§ TASK GOAL
A picture-free, exact copy of all the records below is the goal.
(INPUT MATERIAL begins)
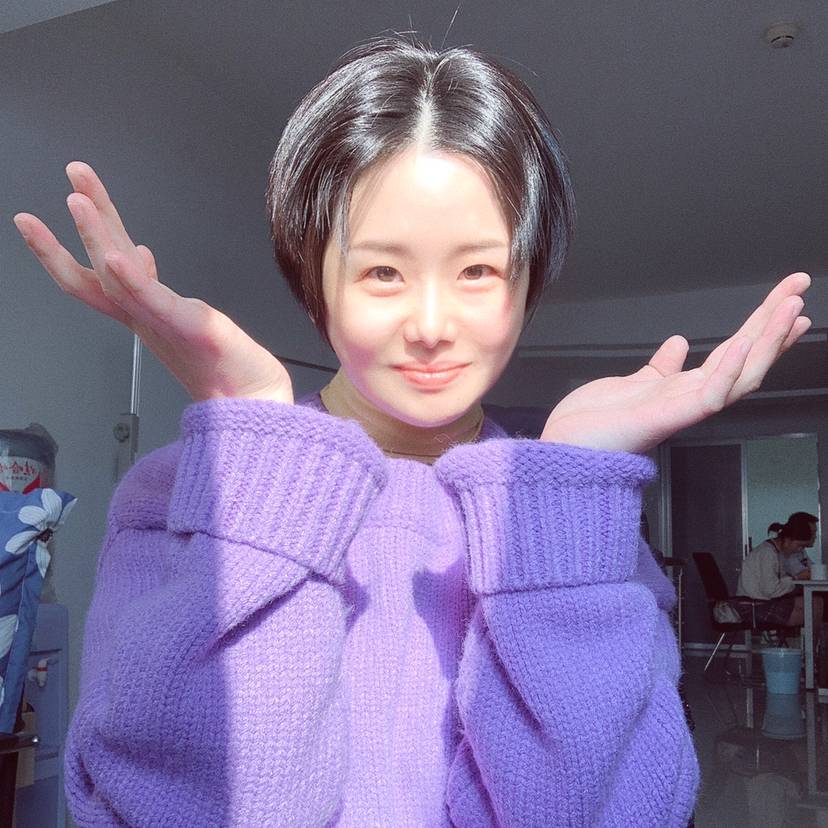 舒服吃泡面的照片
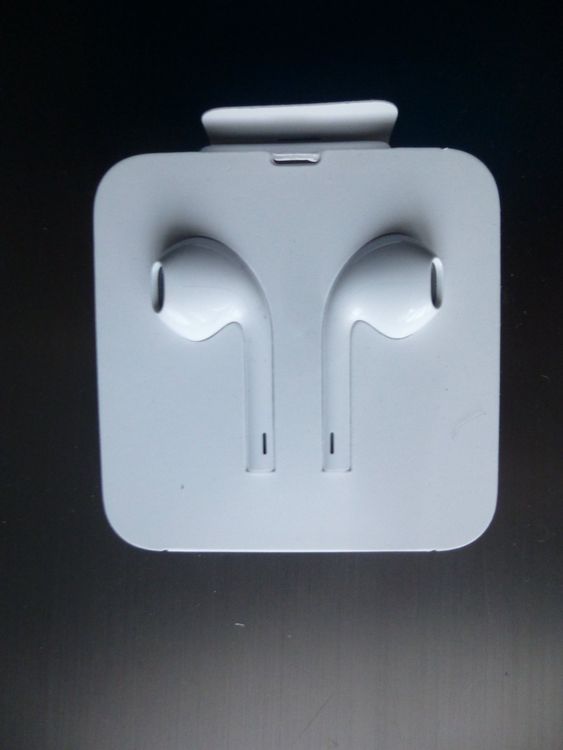 Original Apple EarPods, Kopfhörer, Lightning Anschluss Kaufen auf Ricardo
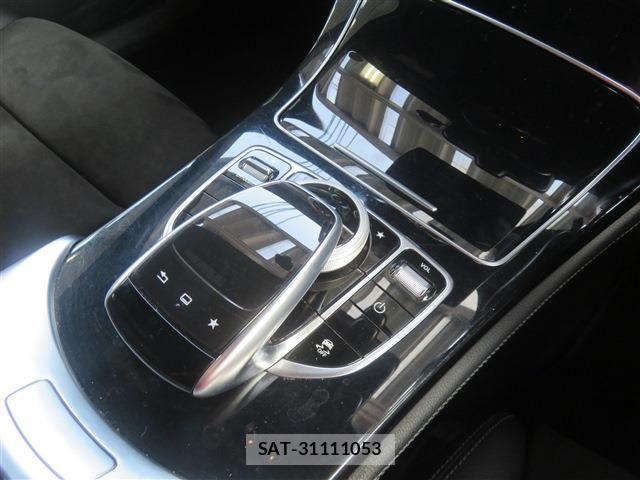 Mercedes Benz GLC-CLASS 2016-01 6012923-15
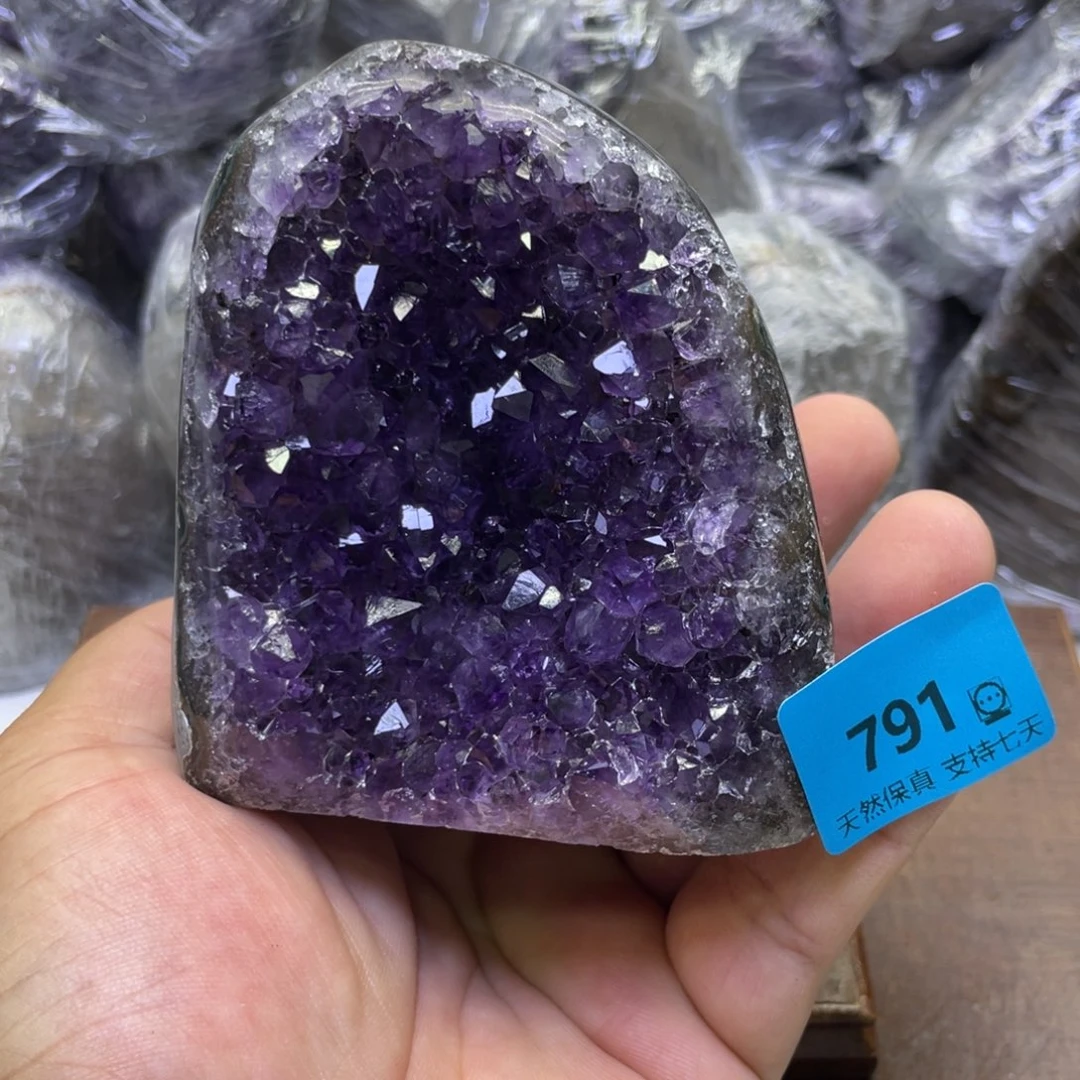 未镶嵌水晶大型摆件（非配饰）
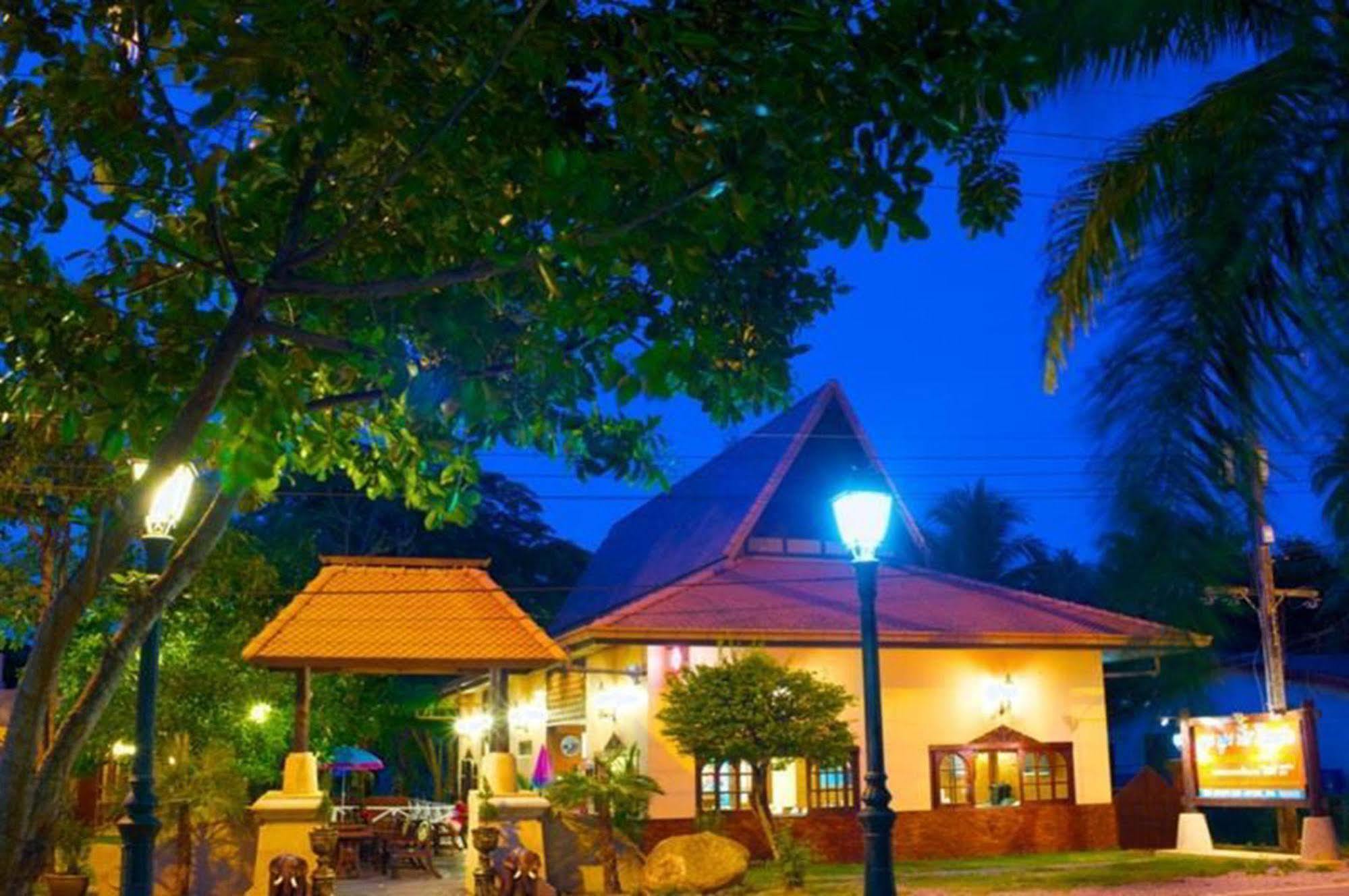 Boom Boom Beach Resort Laem Sing Chanthaburi Zewnętrze zdjęcie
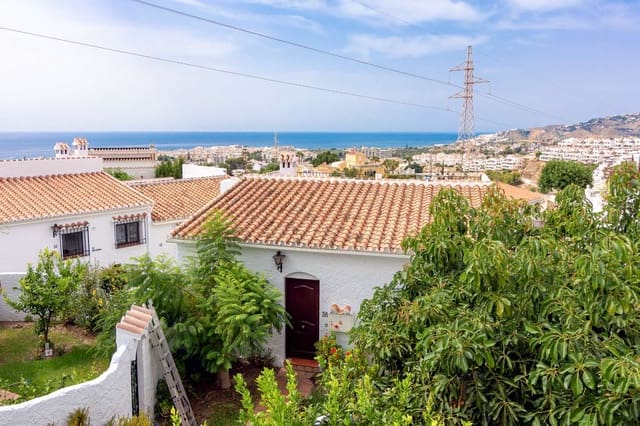 3 chambre Villa/Maison à vendre à Nerja avec piscine - 585 000 € (Ref: 9284869)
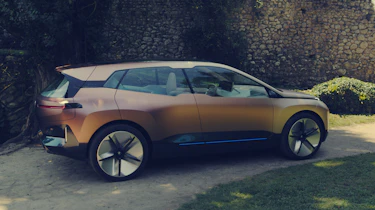 BMW Vision iNEXT concept - side action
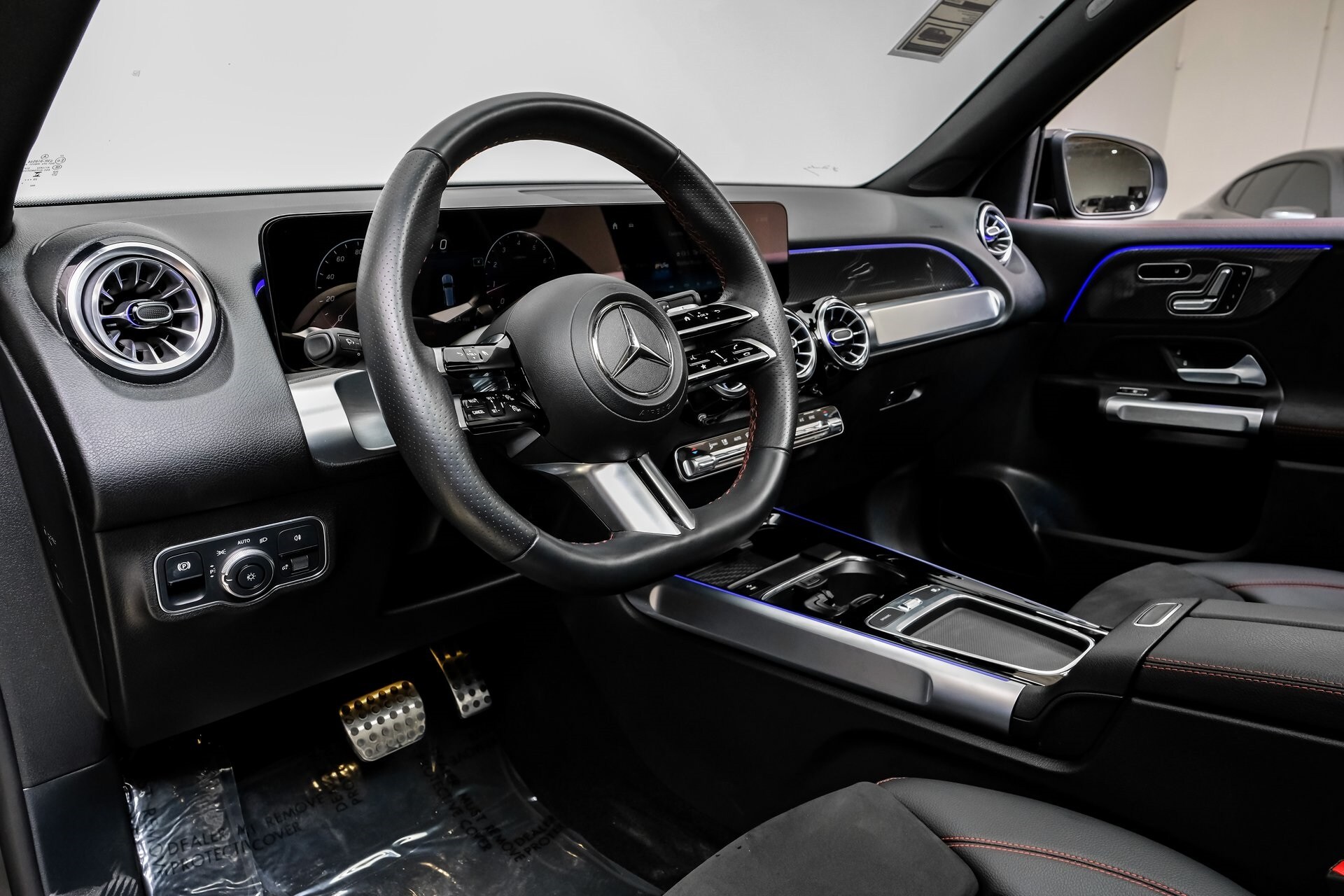 2024 Mercedes Benz GLB 250 4MATIC AMG photo 3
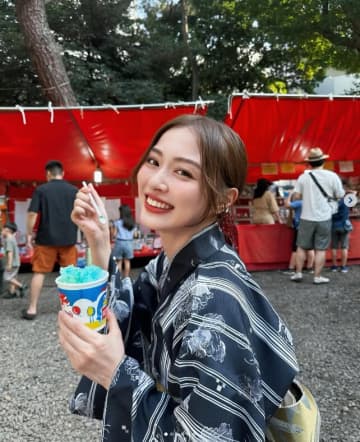 内田理央、プライベートで初の浴衣姿を披露。「浴衣似合っています」とお祭りでのショットに称賛の声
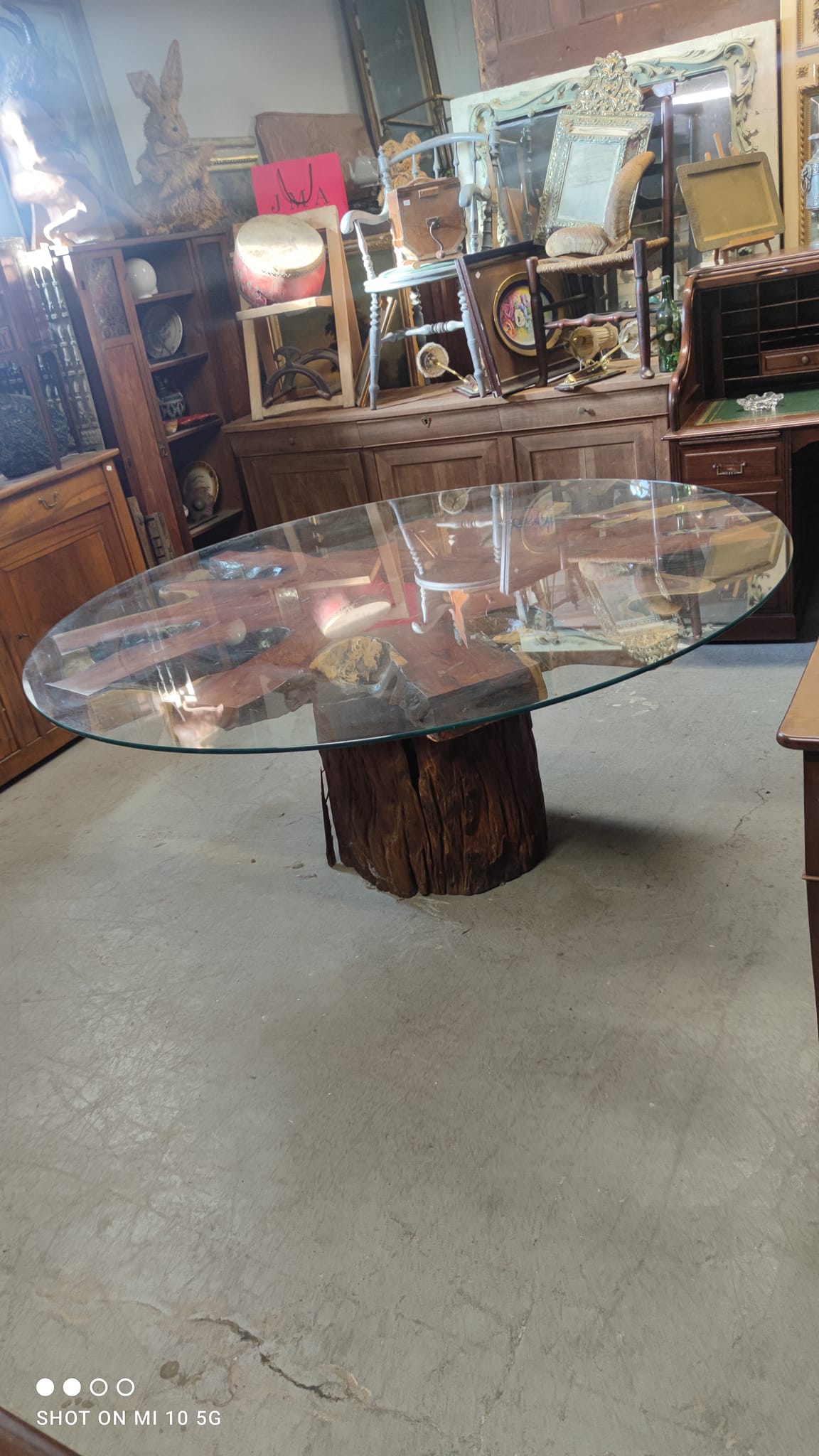 Round table carved from a wooden slice of PADOUK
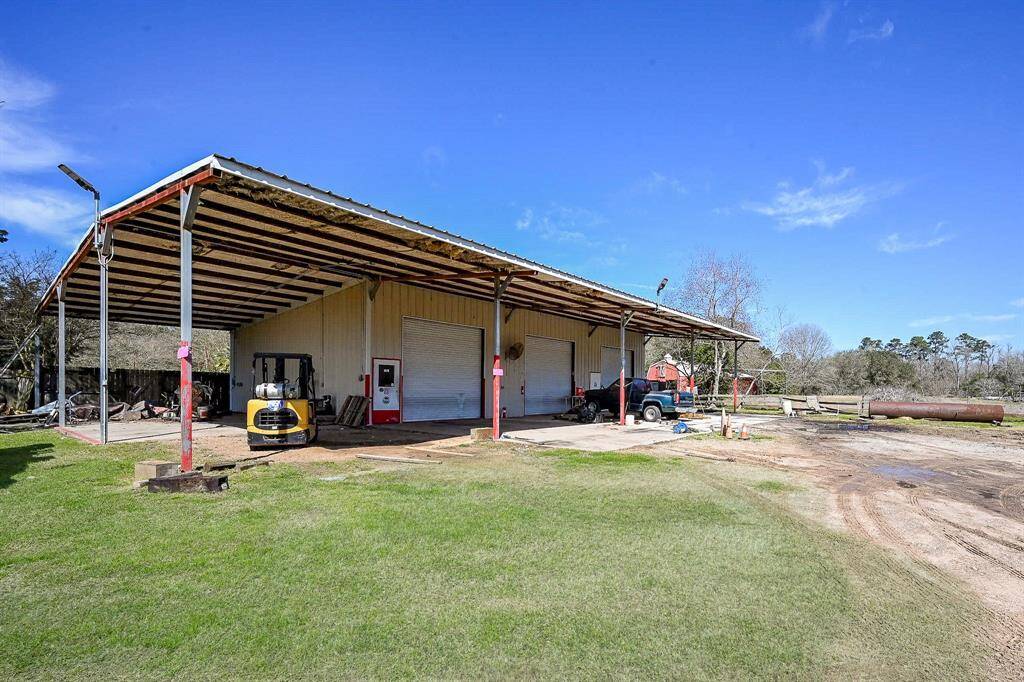 40x60 Workshop 3 bay doors + covered wash bay and carport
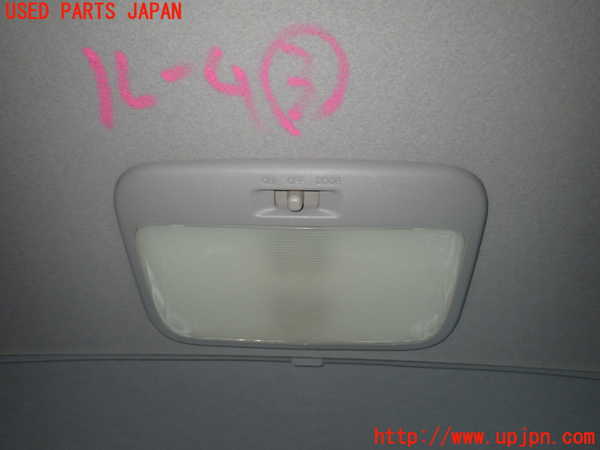 1UPJ-39316413]ヴォクシー(ノア)(AZR60G)ルームランプ3(3列目真中) 中古_m0001.jpg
(INPUT MATERIAL ends)
§ SOLUTION
 舒服吃泡面的照片
 Original Apple EarPods, Kopfhörer, Lightning Anschluss Kaufen auf Ricardo
 Mercedes Benz GLC-CLASS 2016-01 6012923-15
 未镶嵌水晶大型摆件（非配饰）
 Boom Boom Beach Resort Laem Sing Chanthaburi Zewnętrze zdjęcie
 3 chambre Villa/Maison à vendre à Nerja avec piscine - 585 000 € (Ref: 9284869)
 BMW Vision iNEXT concept - side action
 2024 Mercedes Benz GLB 250 4MATIC AMG photo 3
 内田理央、プライベートで初の浴衣姿を披露。「浴衣似合っています」とお祭りでのショットに称賛の声
 Round table carved from a wooden slice of PADOUK
 40x60 Workshop 3 bay doors + covered wash bay and carport
 1UPJ-39316413]ヴォクシー(ノア)(AZR60G)ルームランプ3(3列目真中) 中古_m0001.jpg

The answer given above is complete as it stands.